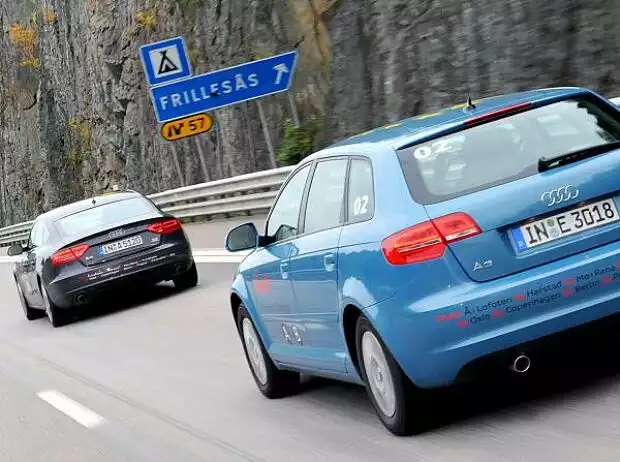 Audi A3 1.6 TDI Sportback Titel-Bild zur News: Audi A3 1.6 TDI Sportback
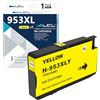 LCL 953XL High Yield Giallo Cartucce d'inchiostro Compatibile per HP 953 953XL F6U14AE F6U18AE per Officejet Pro 7730 7740 8210 8218 8710 8715 8718 8719 8720 8725 8728 8730 8740 7720 8716(1-Pack)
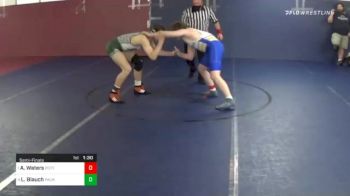 167 lbs Semifinal - Adam Waters, Pottsgrove vs Landon Blauch, Palmyra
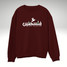 Butterfly Free Palestine (Arabic) Unisex Sweatshirt 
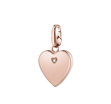 Immagine di CHARMS OF LOVE CIONDOLO CUORE ROSA 20077086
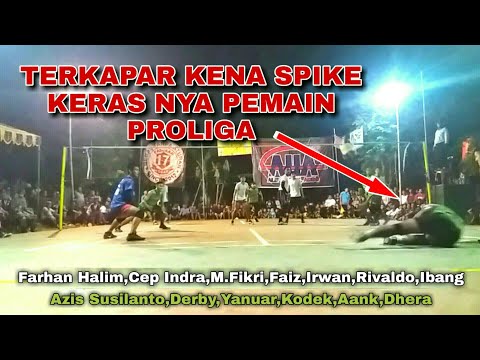 SEMAKIN MEMANAS...!!! Hujan Smash di Sepanjang Pertandingan, Grand Final SET III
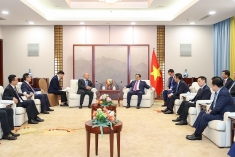 中国企业希望参加越南铁路项目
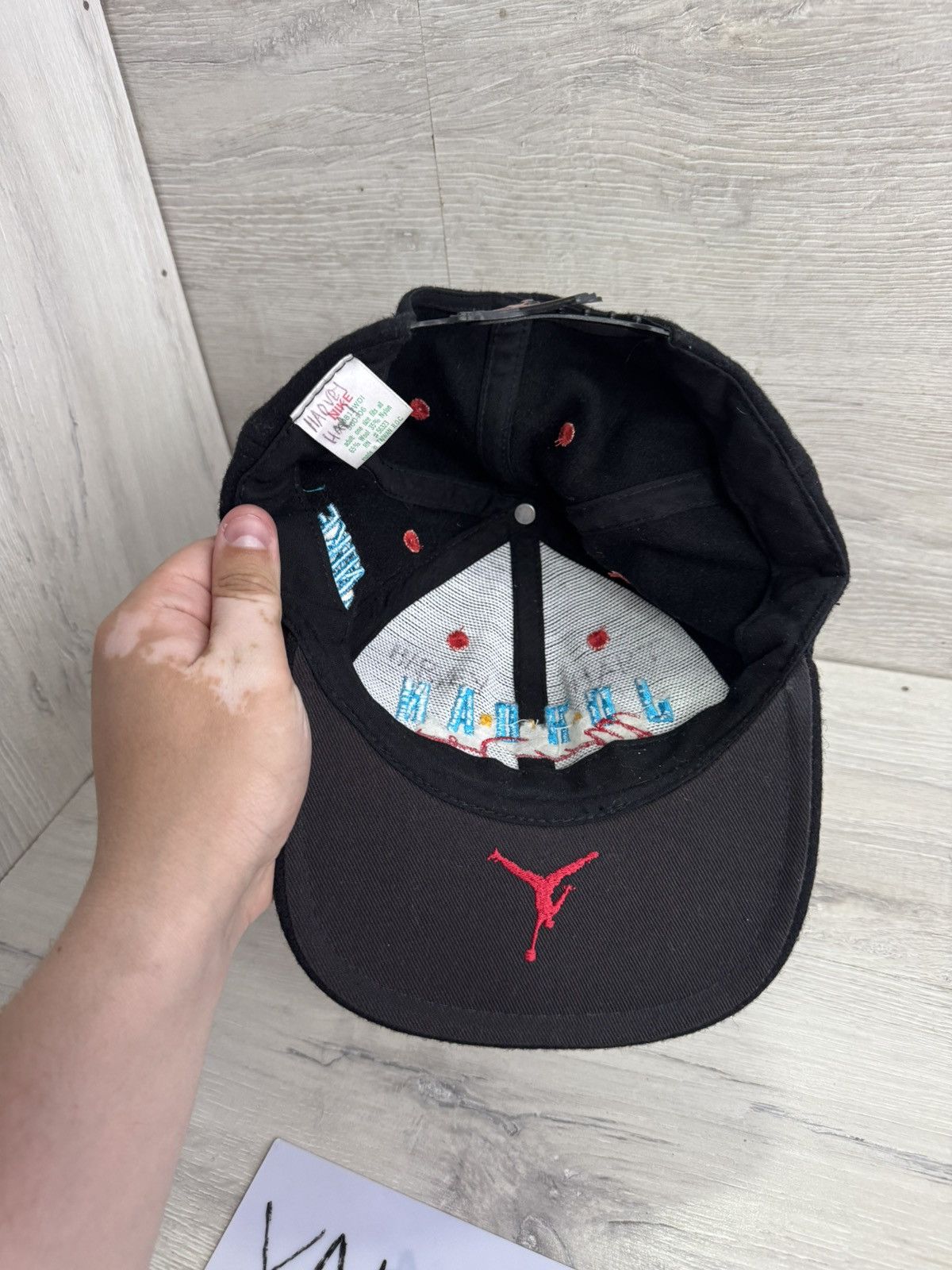Nike Air Jordan Nike vintage cap hat Size ONE SIZE - 6 Thumbnail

__________

Your task → Return exactly, with no pictures, each line from the one that contains "167 lbs Semifinal" through the end of the entries above, both ends included.

Written answer →
 167 lbs Semifinal - Adam Waters, Pottsgrove vs Landon Blauch, Palmyra
 Butterfly Free Palestine (Arabic) Unisex Sweatshirt 
 Immagine di CHARMS OF LOVE CIONDOLO CUORE ROSA 20077086
 SEMAKIN MEMANAS...!!! Hujan Smash di Sepanjang Pertandingan, Grand Final SET III
 中国企业希望参加越南铁路项目
Nike Air Jordan Nike vintage cap hat Size ONE SIZE - 6 Thumbnail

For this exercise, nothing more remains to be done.